= The task =
Please give back word for word the lines below, from the first one through the one with "- contemporary styling and colors".
┌─ The input
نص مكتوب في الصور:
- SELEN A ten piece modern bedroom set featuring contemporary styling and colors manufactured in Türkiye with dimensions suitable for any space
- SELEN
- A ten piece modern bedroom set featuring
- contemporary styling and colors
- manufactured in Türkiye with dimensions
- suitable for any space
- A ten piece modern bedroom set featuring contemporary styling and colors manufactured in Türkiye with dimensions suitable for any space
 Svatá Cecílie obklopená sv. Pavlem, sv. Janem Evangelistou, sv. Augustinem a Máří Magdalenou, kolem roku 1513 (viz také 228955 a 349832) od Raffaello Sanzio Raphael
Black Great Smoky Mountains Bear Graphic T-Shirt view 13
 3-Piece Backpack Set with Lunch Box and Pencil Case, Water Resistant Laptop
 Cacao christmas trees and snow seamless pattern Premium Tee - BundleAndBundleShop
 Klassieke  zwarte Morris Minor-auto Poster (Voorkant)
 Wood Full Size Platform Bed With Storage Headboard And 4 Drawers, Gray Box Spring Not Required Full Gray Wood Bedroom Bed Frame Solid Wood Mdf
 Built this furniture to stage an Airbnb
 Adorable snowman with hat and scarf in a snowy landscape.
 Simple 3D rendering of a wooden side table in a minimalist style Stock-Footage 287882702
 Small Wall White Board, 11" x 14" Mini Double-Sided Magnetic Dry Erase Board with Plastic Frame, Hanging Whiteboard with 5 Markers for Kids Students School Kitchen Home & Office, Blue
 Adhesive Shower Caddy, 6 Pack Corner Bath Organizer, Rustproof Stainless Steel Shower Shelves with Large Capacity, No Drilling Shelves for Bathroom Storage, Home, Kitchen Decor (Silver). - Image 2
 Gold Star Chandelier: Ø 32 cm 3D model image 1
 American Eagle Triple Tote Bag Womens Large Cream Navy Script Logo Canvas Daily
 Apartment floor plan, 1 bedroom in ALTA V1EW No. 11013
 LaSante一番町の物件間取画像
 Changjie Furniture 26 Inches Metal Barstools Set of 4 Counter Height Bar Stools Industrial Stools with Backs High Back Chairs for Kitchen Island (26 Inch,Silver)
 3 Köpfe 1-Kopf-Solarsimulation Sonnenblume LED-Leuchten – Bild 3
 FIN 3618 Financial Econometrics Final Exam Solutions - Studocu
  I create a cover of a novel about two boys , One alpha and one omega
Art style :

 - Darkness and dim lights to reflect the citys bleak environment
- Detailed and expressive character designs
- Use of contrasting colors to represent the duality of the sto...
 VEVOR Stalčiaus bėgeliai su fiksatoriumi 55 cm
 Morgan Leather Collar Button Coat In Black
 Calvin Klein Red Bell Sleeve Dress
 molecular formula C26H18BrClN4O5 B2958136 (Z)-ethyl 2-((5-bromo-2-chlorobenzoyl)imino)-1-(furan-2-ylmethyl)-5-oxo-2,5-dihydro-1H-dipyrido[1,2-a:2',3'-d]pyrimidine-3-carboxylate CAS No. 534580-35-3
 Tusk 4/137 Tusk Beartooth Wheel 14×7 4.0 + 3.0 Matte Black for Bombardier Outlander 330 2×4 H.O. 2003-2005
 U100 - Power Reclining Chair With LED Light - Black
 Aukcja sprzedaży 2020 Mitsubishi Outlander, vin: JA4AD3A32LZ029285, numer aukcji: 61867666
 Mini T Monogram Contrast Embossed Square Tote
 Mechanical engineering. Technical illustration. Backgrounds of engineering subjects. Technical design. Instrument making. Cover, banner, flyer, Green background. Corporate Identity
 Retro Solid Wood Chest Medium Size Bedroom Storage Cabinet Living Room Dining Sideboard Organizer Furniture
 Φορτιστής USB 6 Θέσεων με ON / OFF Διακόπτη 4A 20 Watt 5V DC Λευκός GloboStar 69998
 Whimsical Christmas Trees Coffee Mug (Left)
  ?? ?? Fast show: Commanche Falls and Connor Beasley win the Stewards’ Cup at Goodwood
└─
= Final answer =
نص مكتوب في الصور:
- SELEN A ten piece modern bedroom set featuring contemporary styling and colors manufactured in Türkiye with dimensions suitable for any space
- SELEN
- A ten piece modern bedroom set featuring
- contemporary styling and colors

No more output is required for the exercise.